▸ Work item
Pictures aside, copy exactly each line from the one that holds "For asset type, there" through the last line of the records below.

··· Entries provided ···

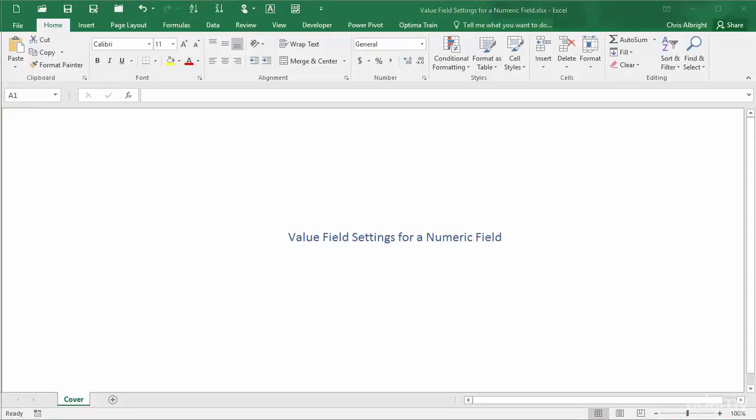This video illustrates some very common modifications you will want to make to the numeric fields in a pivot table. These include number formatting, summarizing functions, and the way the results are displayed.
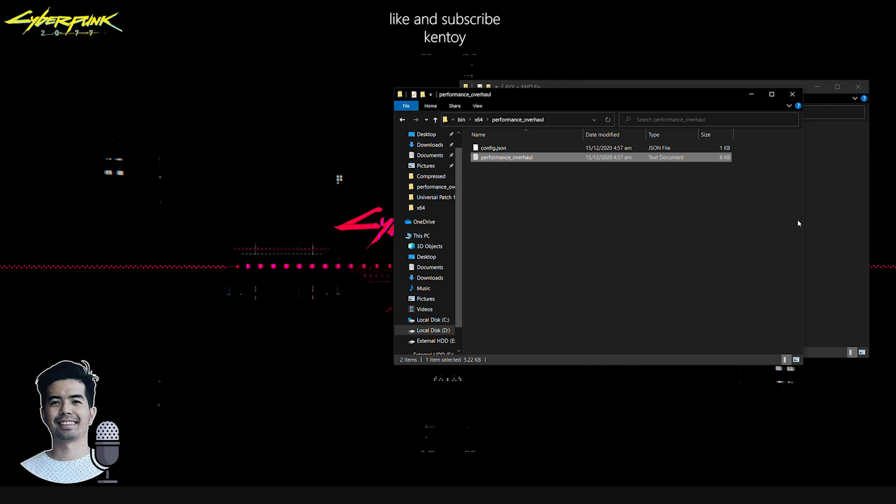That's it for our Cyberpunk 2077 Performance Fix for AMD Ryzen CPUs and AVX Fix for non-AVX CPUs. Just in case you are facing other errors with this game, please let me know by writing them down in the comment section below. You know the drill, don't forget to like and subscribe to help this channel grow. Until then, see you on the next one. Cheers.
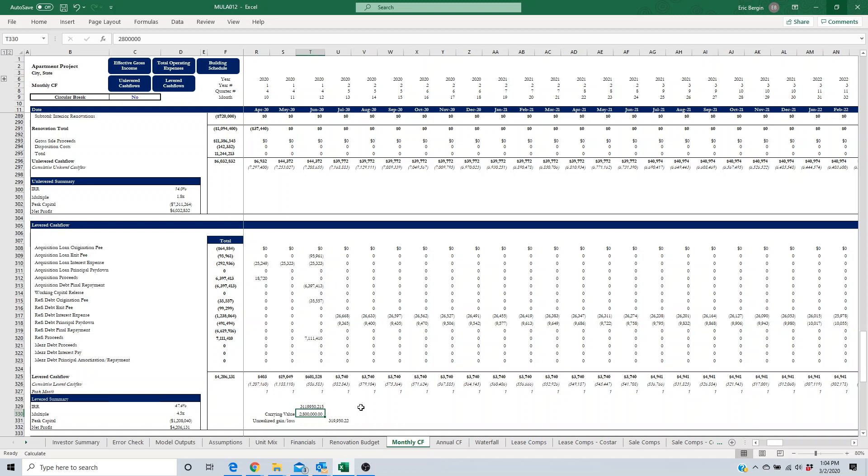Be sure to check out our website, it is tsmfinancialmodels.com. We have a blog where we are releasing information every week. You can check out our custom model builder where you can build acquisition or development models to fit your tailored needs. We will talk to you next time, thank you.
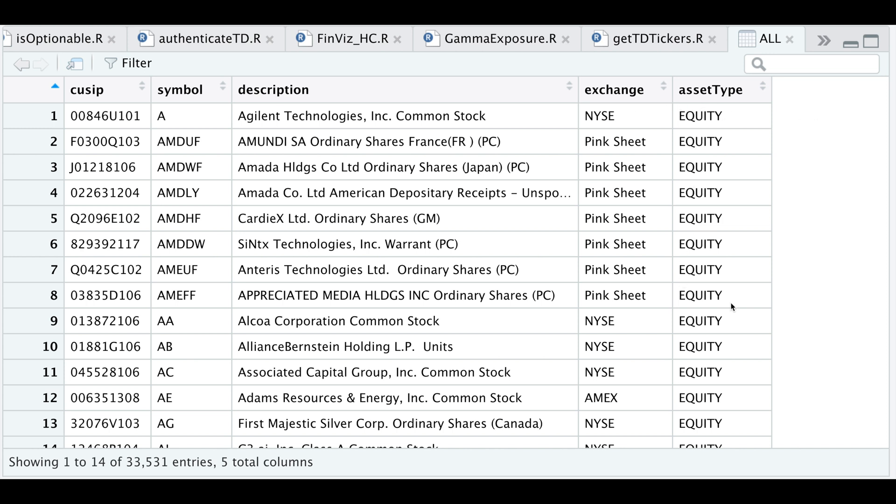For asset type, there is equity, ETFs, and indices. But I believe for indices, we have to pass in a special character such as a dollar sign in order for us to retrieve the S&P or NASDAQ. But I haven't actually tried it because I just wanted to get equities and ETFs.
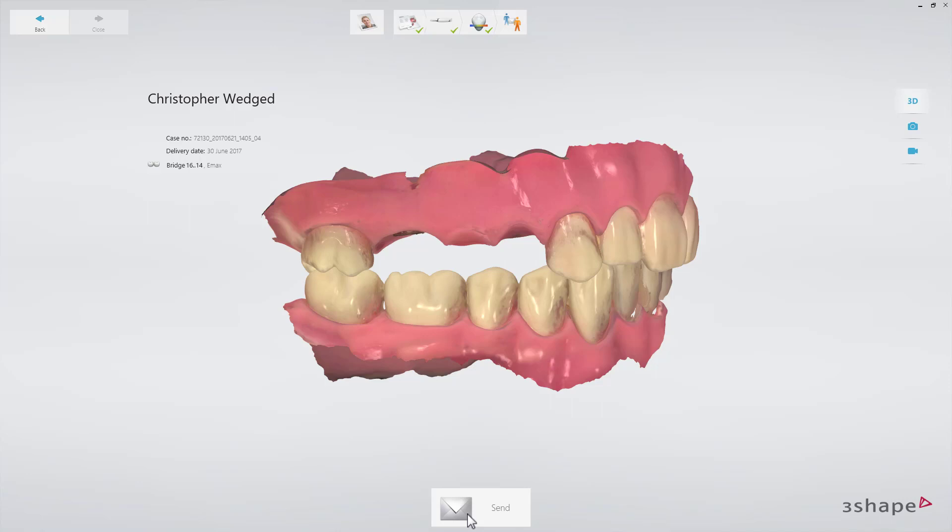Now you know the workflow for an implant bridge. We hope this was helpful and thank you for watching.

···

▸ Answer to this exercise
For asset type, there is equity, ETFs, and indices. But I believe for indices, we have to pass in a special character such as a dollar sign in order for us to retrieve the S&P or NASDAQ. But I haven't actually tried it because I just wanted to get equities and ETFs.
Now you know the workflow for an implant bridge. We hope this was helpful and thank you for watching.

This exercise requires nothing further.